Handling Missing Values Rows with missing ‘domain’ values were removed to maintain data integrity and consistency.

Text Normalization The ‘body’ text was converted to lowercase, and newline characters and punctuations were removed. This normalization is crucial for reducing the complexity of text data, facilitating more effective machine learning analysis.

Text Vectorization

The processed text data was transformed into a numerical format suitable for machine learning models.

Tokenization and Stop Words Removal The body text was tokenized into individual words, and common stop words were removed to emphasize more meaningful content.

Feature Vector Creation The HashingTF method was utilized to convert the processed text into numerical feature vectors. The IDF (Inverse Document Frequency) was applied to rescale these vectors, highlighting significant terms for differentiating between ‘Anime’ and ‘Movies’.

Final Data Preparation

The concluding steps in data preparation involved schema adjustments and data type conversions, optimizing the dataset for the modeling stage.

Schema Adjustment and Cleanup Unnecessary columns were removed from the dataset, and the final schema was verified to include only pertinent features.

Data Type Conversion Boolean columns were cast to strings to align with the requirements of the machine learning algorithms in the subsequent stages.

Data Pre-Processing for Modeling

String Indexing Key categorical features such as ‘over_18’, ‘is_self’, ‘is_video’, ‘has_media’, and ‘subreddit’ were transformed using StringIndexer. This step converted categorical strings into numerical indices, making them suitable for machine learning models.

One-Hot Encoding The indexed categories were further encoded using OneHotEncoder. This process transformed the indexed categories into a binary vector representation, a necessary step for handling categorical data in many machine learning algorithms.

Vector Assembler A VectorAssembler was utilized to combine various feature columns into a single vector column. This included both the newly created feature vectors from one-hot encoding and the existing numerical features such as ‘score’, ‘num_comments’, ‘post_length’, ‘hour_of_day’, ‘day_of_week’, ‘day_of_month’, ‘month’, and ‘year’. This assembly created a unified feature vector essential for feeding into the machine learning models.

Pipeline Definition A Pipeline was defined incorporating all the stages of string indexing, one-hot encoding, and vector assembly. This approach streamlined the preprocessing steps and ensured consistency across the data.

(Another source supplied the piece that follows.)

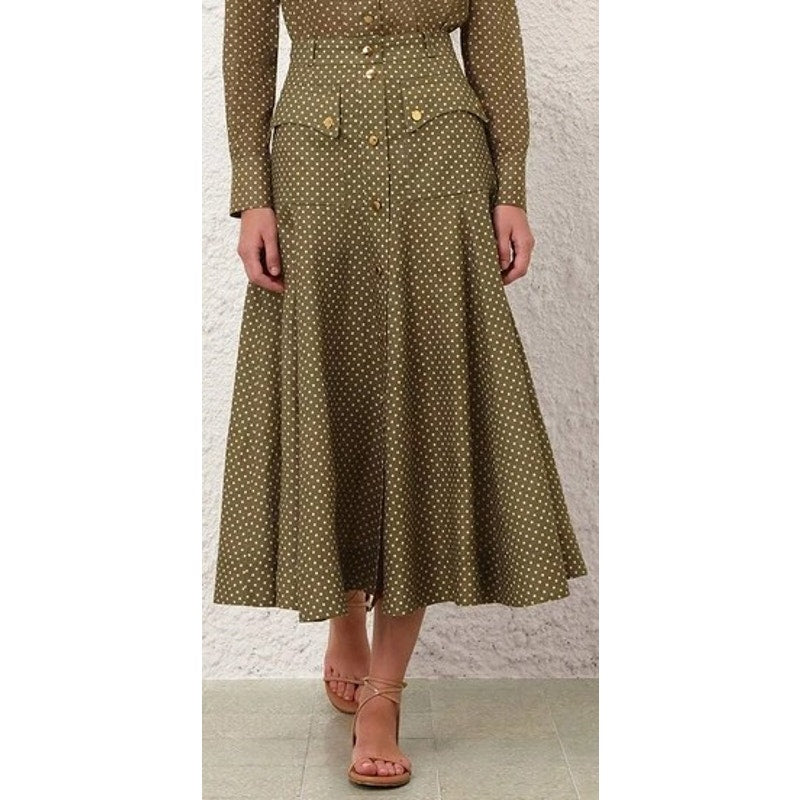 NWT Zimmermann Luna Cargo Midi Skirt Olive Dot Pure Linen Size AU 0 / US 4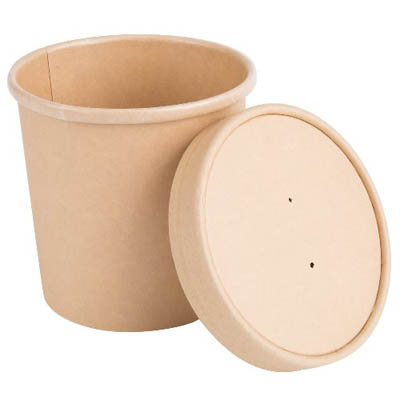 Kraft  Paper 16oz Soup Cup with Lid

Data Split train and test Following thorough data cleansing, the dataset was partitioned into training and testing sets with an 80-20 split.

Pipeline Execution The preprocessing pipeline was applied to the training and test data. This transformed the data according to the defined stages, ensuring that it was ready for model training and evaluation.

Model Training and Evaluation

Model Selection

We selected a Random Forest classifier to classify between Anime and Movie-related Reddit posts primarily because random first gives highest accuracy among all classification models and its robustness, particularly in scenarios involving large datasets with numerous variables. It can also automatically balance the data.

Model Training

Initially, we opted for simplicity and started with a Random Forest model, using its default parameters. This approach was somewhat like dipping our toes in the water to gauge the temperature. After training, the results we got were quite encouraging - not exactly groundbreaking, but definitely on the right track. This outcome provided a solid foundation for us to build upon and refine our model further.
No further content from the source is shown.